The Empirical Distribution Function (EDF) is a non-parametric estimator used to approximate the cumulative distribution function (CDF) of a sample. It assigns probability to each observed value in a sample and serves as an essential tool for statistical inference when no assumptions about the underlying distribution are made.
Definition
Given a sample \(\left\{X_1,X_2,\dots,X_n\right\}\), the EDF is defined as:
$$F_n(x)=\frac{1}{n}\sum_{i=1}^{n}1_{X_i\leq x}$$
In simple terms, the EDF for a value x is the fraction of the sample that is less than or equal to it.
The EDF is a step function that increases by \(\frac{1}{n}\) at each observed data point.
As \(n\rightarrow\infty\), the EDF converges to the true CDF of the population by the Glivenko-Cantelli theorem. Thus, the EDF is a consistent estimator for the CDF.
Empirical Process
Definition
An empirical process captures deviations of the empirical distribution from the true distribution by focusing on the centered and scaled version:
$$a_n(x)=\sqrt{n}(F_n(x)-F(x))$$
Here, \(a_n(x)\) represents how much the empirical distribution at point x deviates from the true distribution \(F(x)\), and the scaling factor \(\sqrt{n}\) ensures convergence to a non-degenerate process as \(n\rightarrow\infty\) (Remember that we would have convergence in not scaled by the Glivenko-Cantelli theorem).
Donsker's Theorem
Donkster's Theorem states that an empirical process \(a_n(x)\) converges weakly to a limiting Gaussian process, called the Brownian Bridge.
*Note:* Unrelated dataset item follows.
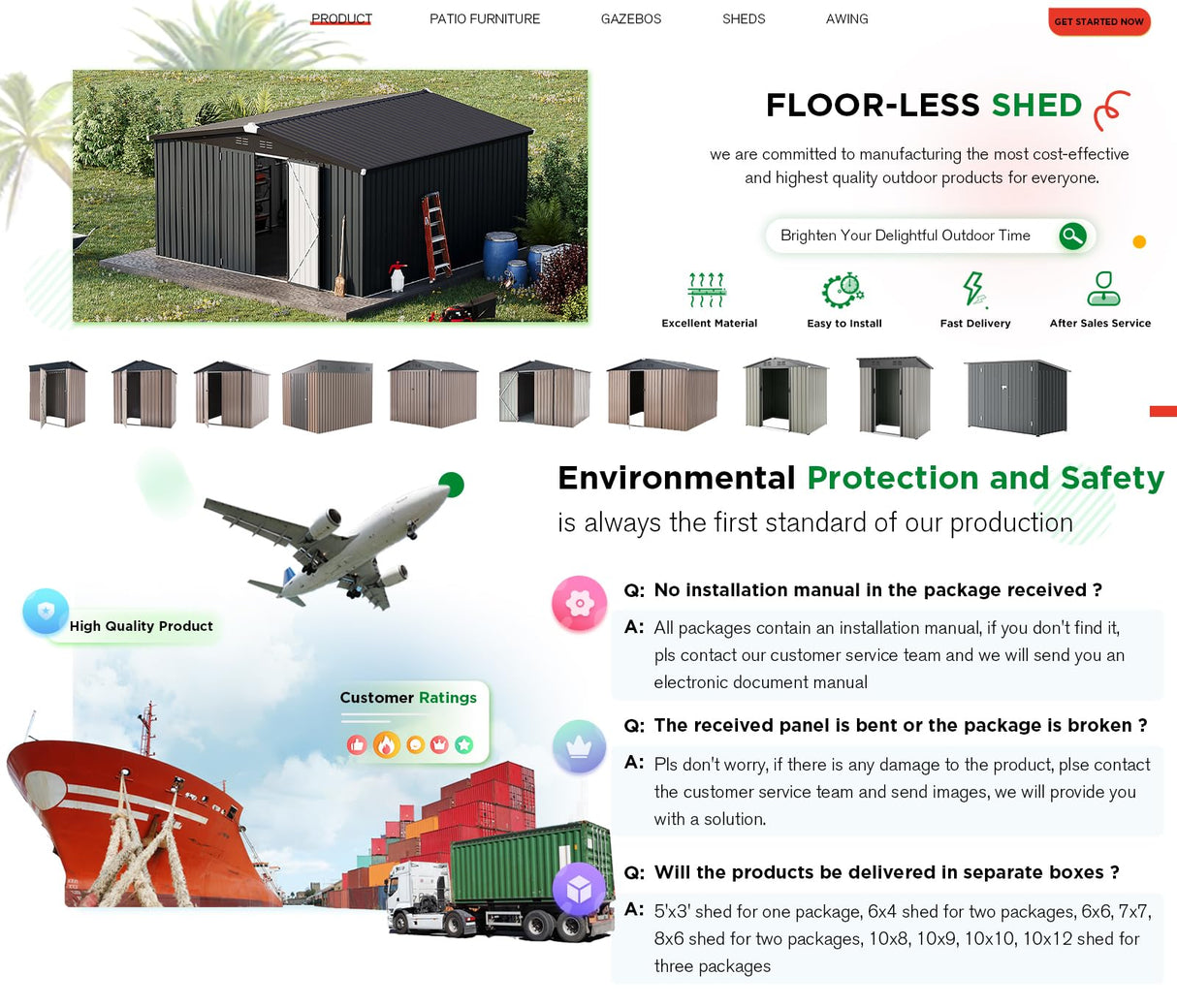 AECOJOY Shed 12' x 12' Storage Shed, Outdoor Storage Sheds & Outdoor Storage 12' x 12' with Lockable Doors, Large Steel Yard Shed, Utility and Tool Storage for Garden, Patio, Outside use in Dark Grey AECOJOY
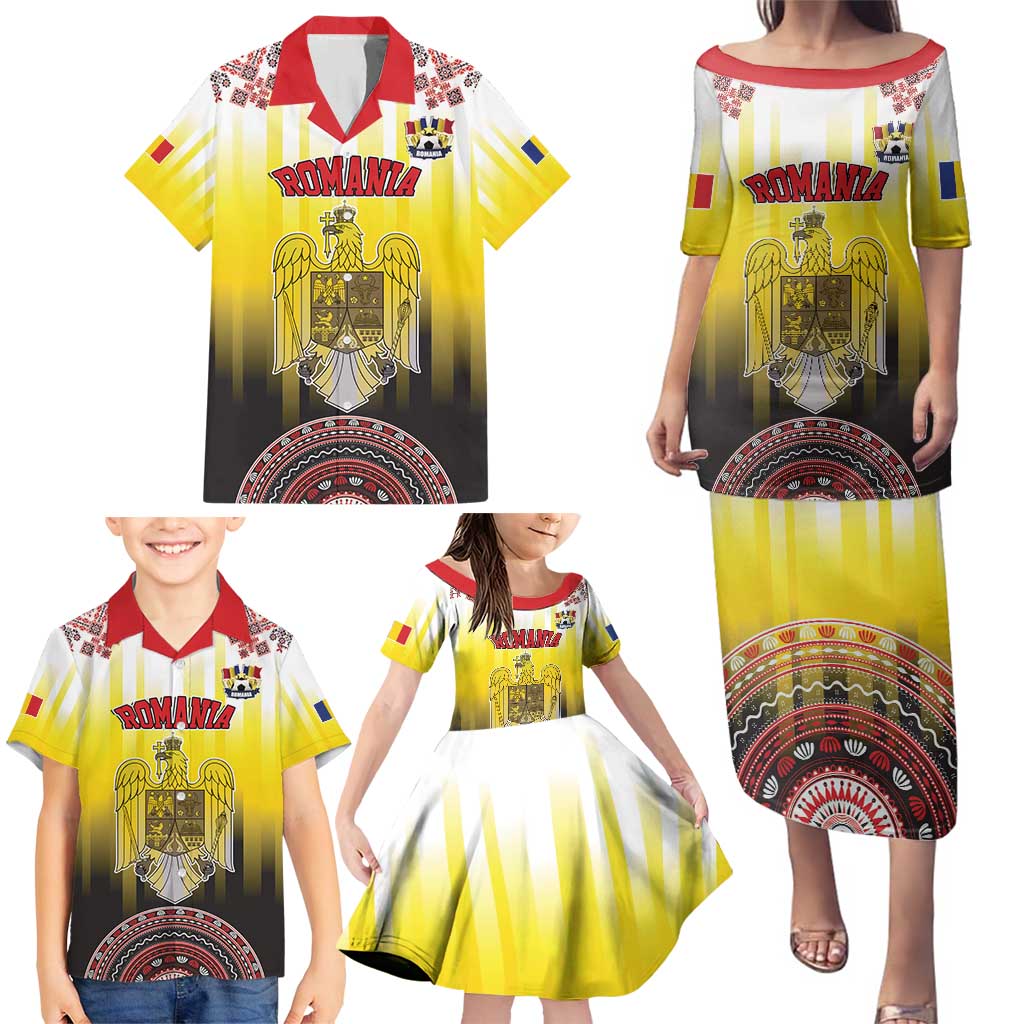 Custom Romania Football Go Champions Family Matching Puletasi and Hawaiian Shirt Romanian Traditional Patern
A Brownian Bridge, \(B(t)\), is a continuous-time stochastic process that starts at zero and returns to zero at the end of the interval, with some properties of a Brownian motion but conditioned to return to zero.
The Brownian Bridge is defined over the interval [0,1] as:
$$B(t)=W(t)-tW(1)$$
where \(W(t)\) is standard Brownian motion.
One of the main usages of the EDF and empirical processes is performing goodness-of-fit tests, such as the Kolmogorov-Smirnov (KS) test, where the null hypothesis is that the sample comes from a specified distribution (or in the two-sample case, that two EDFs share a common distribution).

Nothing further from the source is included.